The government has announced that there are to be league tables for local authority social services as there are for schools and hospitals. The news came just days after the Universities and Colleges Admissions Service wrote to its correspondents in universities and colleges reprimanding them for leaks of applications data that resulted in The THES's applications league table published last week.
As a result of this naughtiness, UCAS told its institutions (which pay for its services) they would no longer be given everyone else's figures and perhaps not even their own. "I am investigating as a matter of urgency whether it would still be possible to let each institution have its own figures on a regular basis and will be in touch with you again shortly about that," wrote UCAS's chief executive, Tony Higgins.
Universities and colleges, it seems, are to be spared the discomfort of accountability by league tables, especially those published unofficially. Students, unlike parents or patients, will not be able to inform their choices by this means.
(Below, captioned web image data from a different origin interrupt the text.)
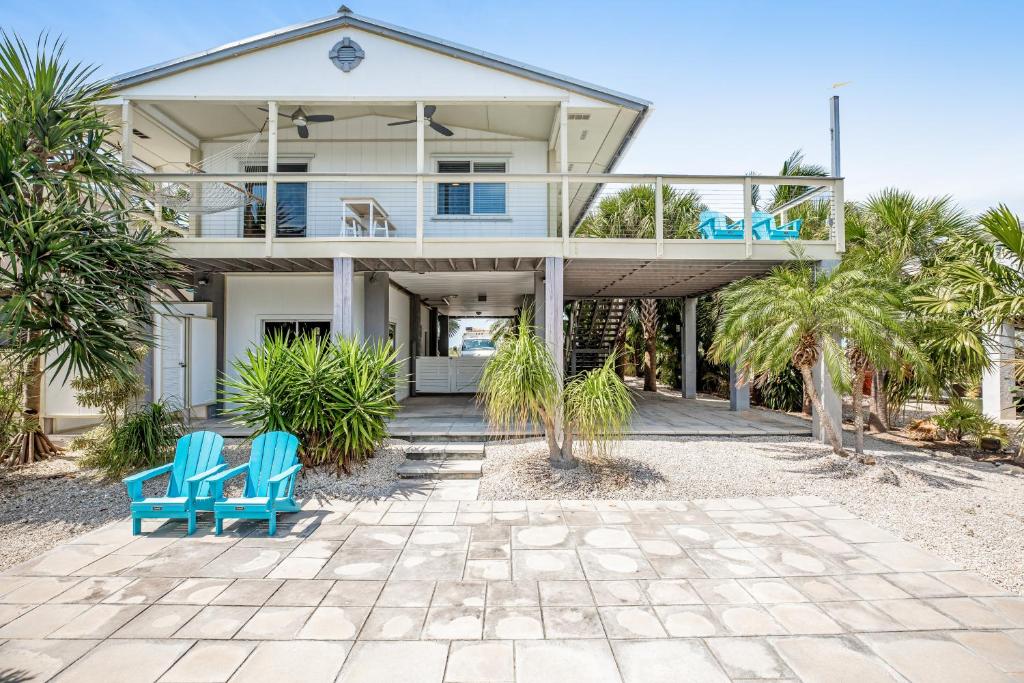 a house on the beach with blue chairs and palm trees at AJ's Hideout in Little Torch Key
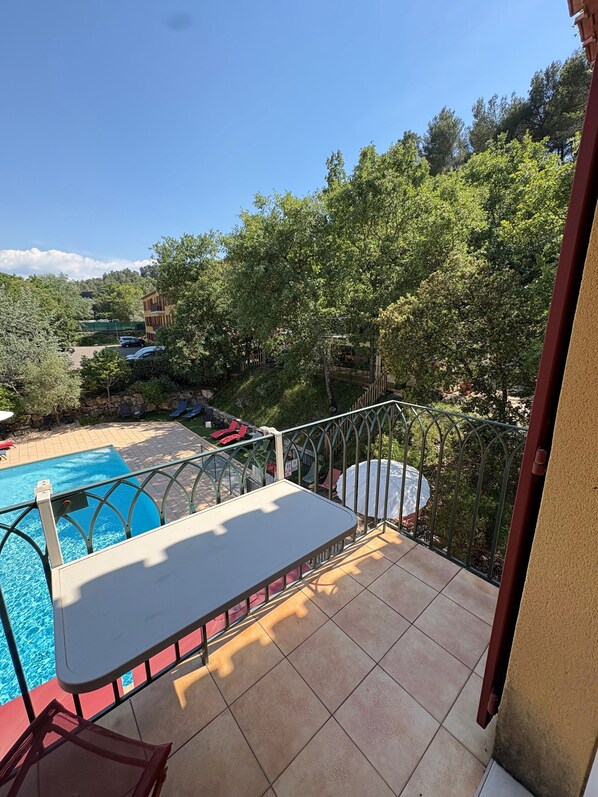 Un balcon avec une piscine, du mobilier d’extérieur et une vue sur une zone boisée.
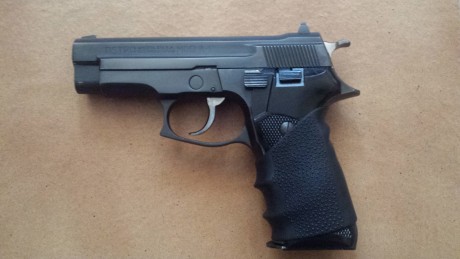 Muy buenas, cambió esta astra A80 del 9mm, guiado en F por un revolver del 38 special 4", por falta 00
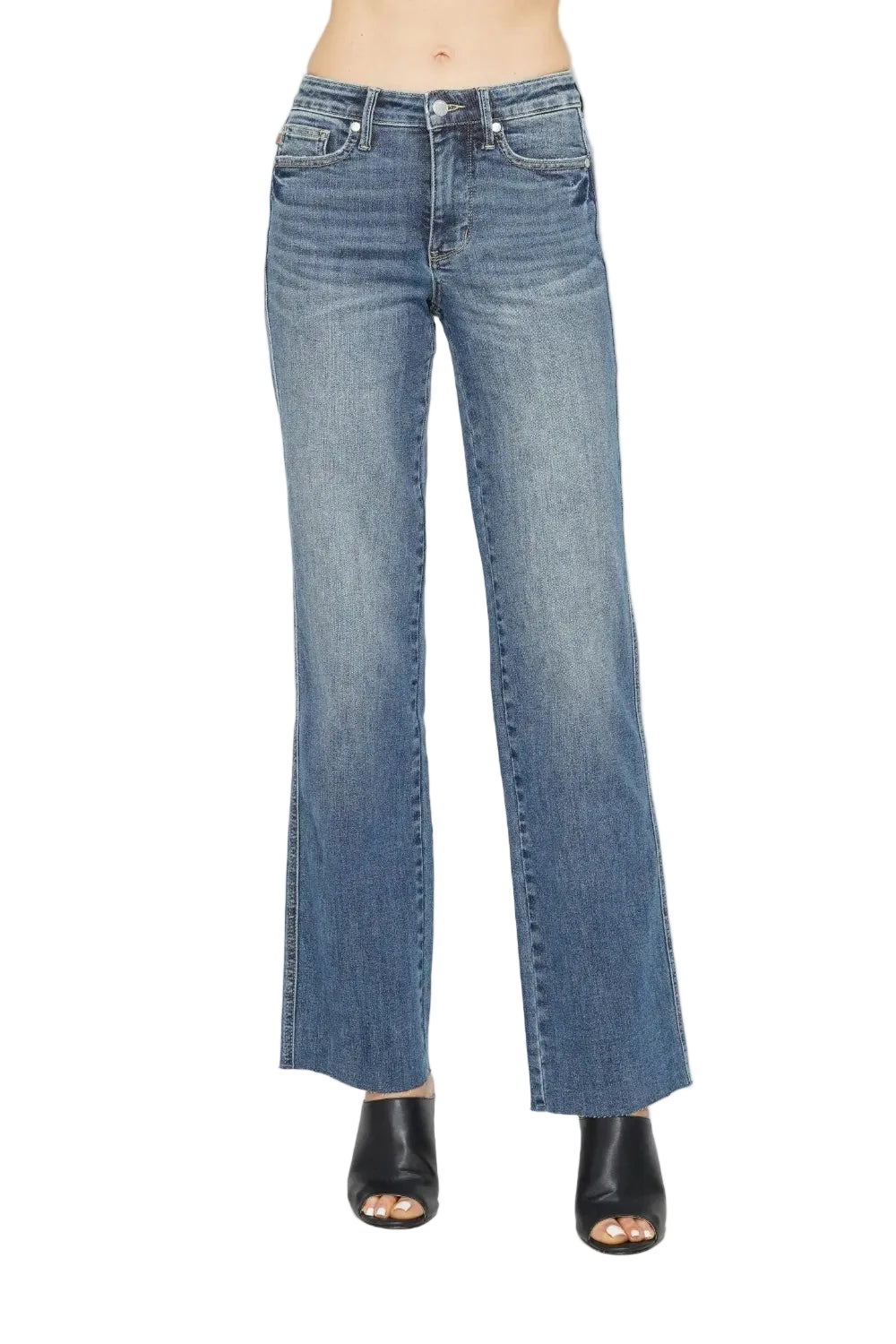 A model from the waist down wearing medium-wash blue denim jeans with a straight-to-flare leg and black open-toe heeled sandals, photographed against a plain white studio background.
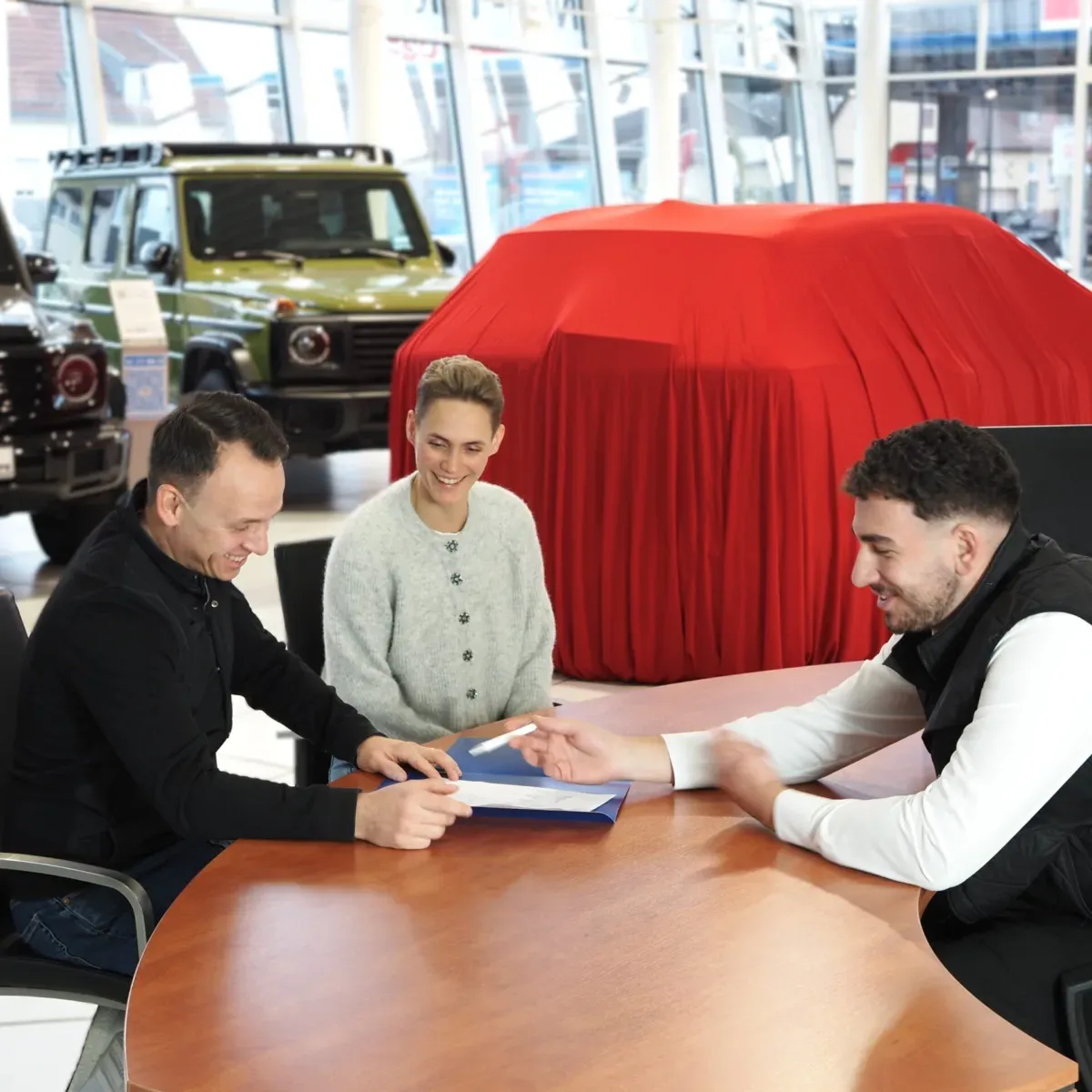 Drei Männer sitzen an einem Tisch in einem Autohaus, lachen und unterhalten sich über einen Vertrag, im Hintergrund Autos.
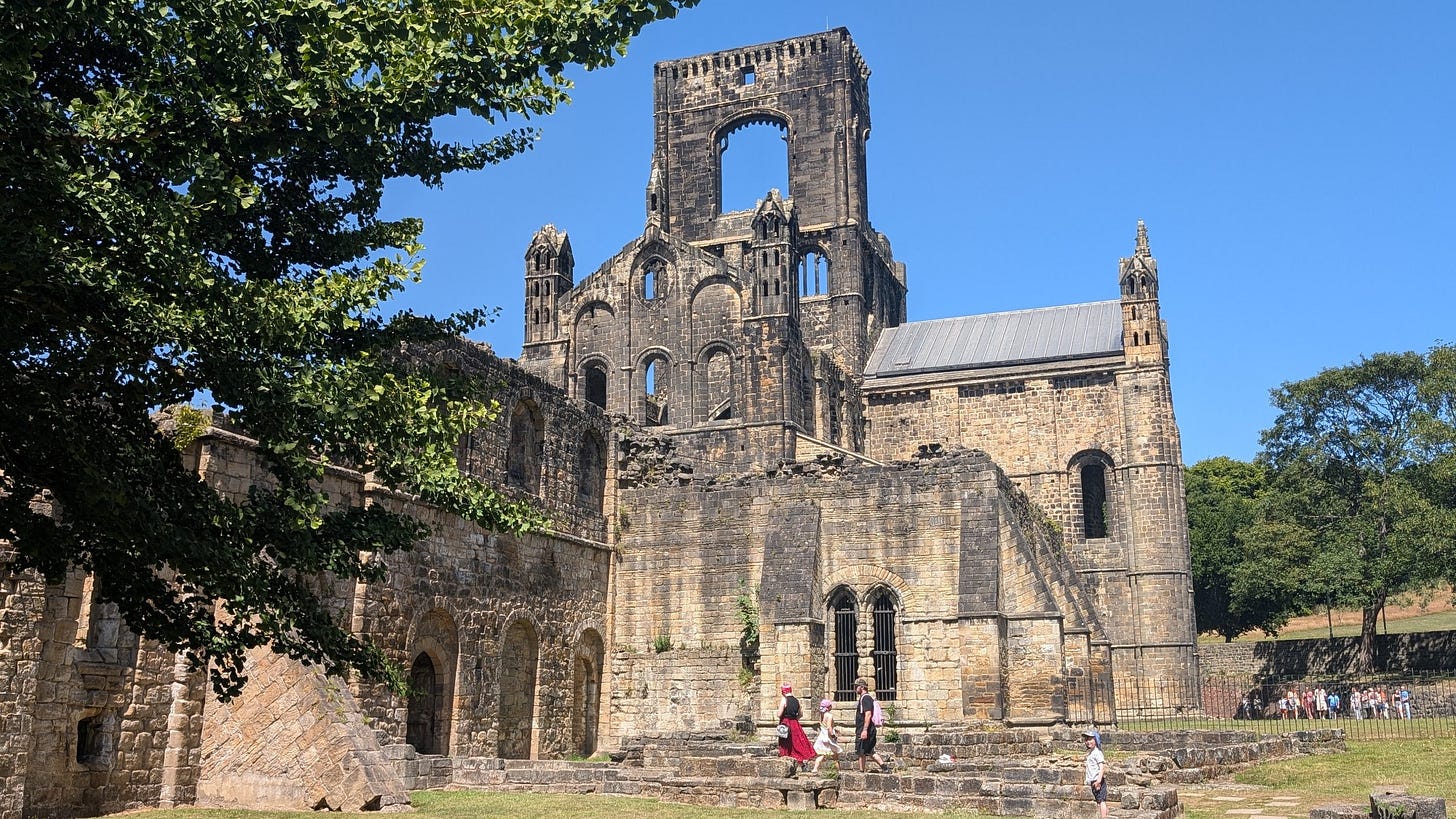 A view of the exterior of the main church, still standing a few storeys high.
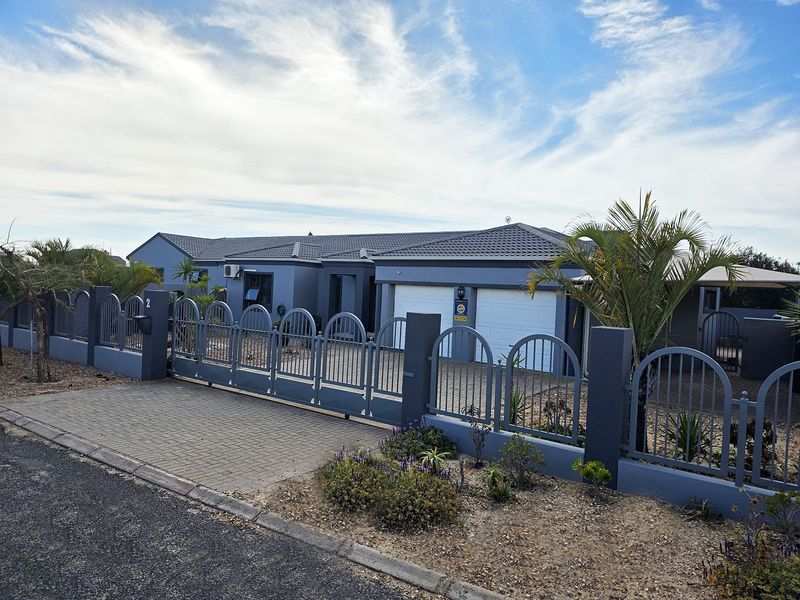 Front elevation of a modern single-story house featuring a paved driveway, double garage, and secure metal perimeter fencing.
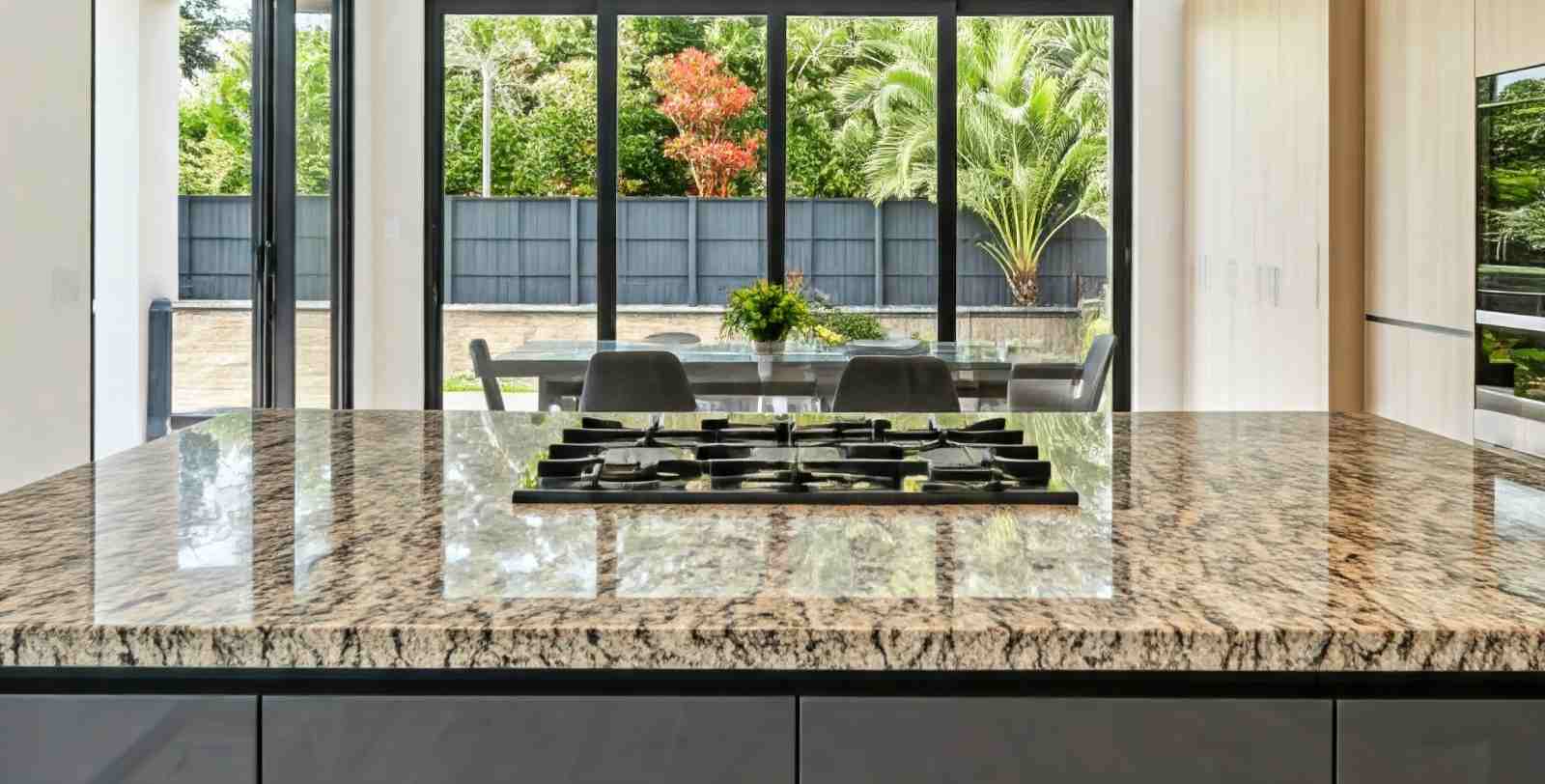 Modern kitchen with a large granite countertop and a gas stove.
So what if in the process universities are denied automatic access to comparative information enabling them to see how they are doing compared with other institutions? If they do not get even their own figures during the application round how can they control recruiting? They might as well hand over admissions to the central body altogether. But this would mean giving up one of the crucial defining characteristics of British universities and one most envied on the Continent: the right to select their own students and set their own entry criteria.
UCAS was born out of the Universities and Polytechnics Central Councils for Admissions. The older sibling, UCCA, was set up some 35 years ago by the universities through the Committee of Vice-Chancellors to simplify applications. UCAS, formed in 1993, is a company limited by guarantee, wholly owned by institutions providing higher education. Five of its 14 directors and its chairman are appointed by the CVCP, one by the colleges; the rest are elected by the HEIs. It is their creature. But this week's letter suggests the child may yet consume its parents.